Background: The demand for rehabilitation and stroke services are significantly increasing as a result of the growing burden of noncommunicable disease and the ageing population. Within the Acute Stroke Unit at West Moreton implementation of an alternate model of care to manage increasing demands was undertaken. The Calderdale Framework was used to identify skill sharing opportunities in initial stroke assessment across Nursing, Social Work, Occupational Therapy, Physiotherapy and Speech Pathology to guide workforce redesign.  This model aimed to improve the efficiency of care for patients admitted into the Acute Stroke Unit and maximising cost effectiveness. The aim of this qualitative study was to explore the benefits, challenges and barriers to implementation of the skill sharing model from the perspective of staff within the transdisciplinary team

Method: Semi-structured interviews were undertaken to evaluate the perceptions of healthcare staff 3 months post implementation of the pilot model of care. Key stakeholders in allied health and nursing management, leadership and workforce positions explored patient and healthcare team experiences to analyse the benefits, challenges, enablers and barriers to workforce re-design.

Results: Eighty eight percent of the purposive stakeholder sample participated. All interview participants concurred that transdisciplinary practice could be beneficial and should be a component of comprehensive stroke care in the future. Analysis of the qualitative responses highlight several emerging themes including the importance of workforce engagement at initiation of re-design, strong project leadership and management, the impact of external influences, professional relationships, skill sharing scope and boundaries and patient experience and safety.

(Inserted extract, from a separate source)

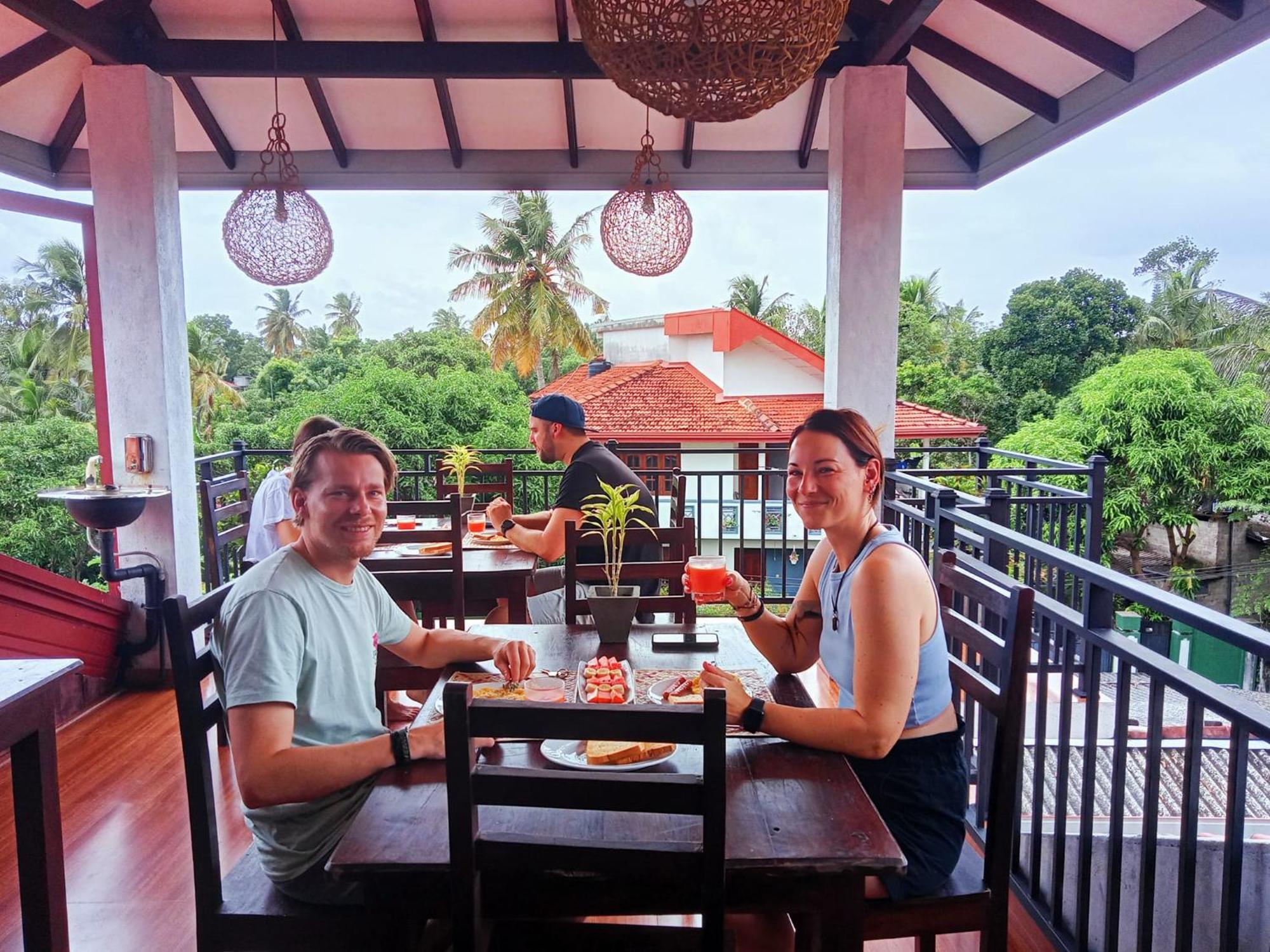 Ayubowan Homestay Katunayaka Buitenkant foto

Discussion:Increasing demand for acute stroke services requires the corresponding allied health model of care to be effective, efficient and sustainable. A comprehensive understanding of factors influencing the design and implementation of transdisciplinary assessment and intervention enables managers to effectively navigate service re-design and workforce reform.


Katherine Delany is an Occupational Therapist who has worked across the continuum of care within both Queensland Health and overseas. Katherine currently works within West Moreton as a Workforce Development Officer. Passionate about health and health outcomes Katherine has completed a Master’s in Public Health and in Healthcare Management.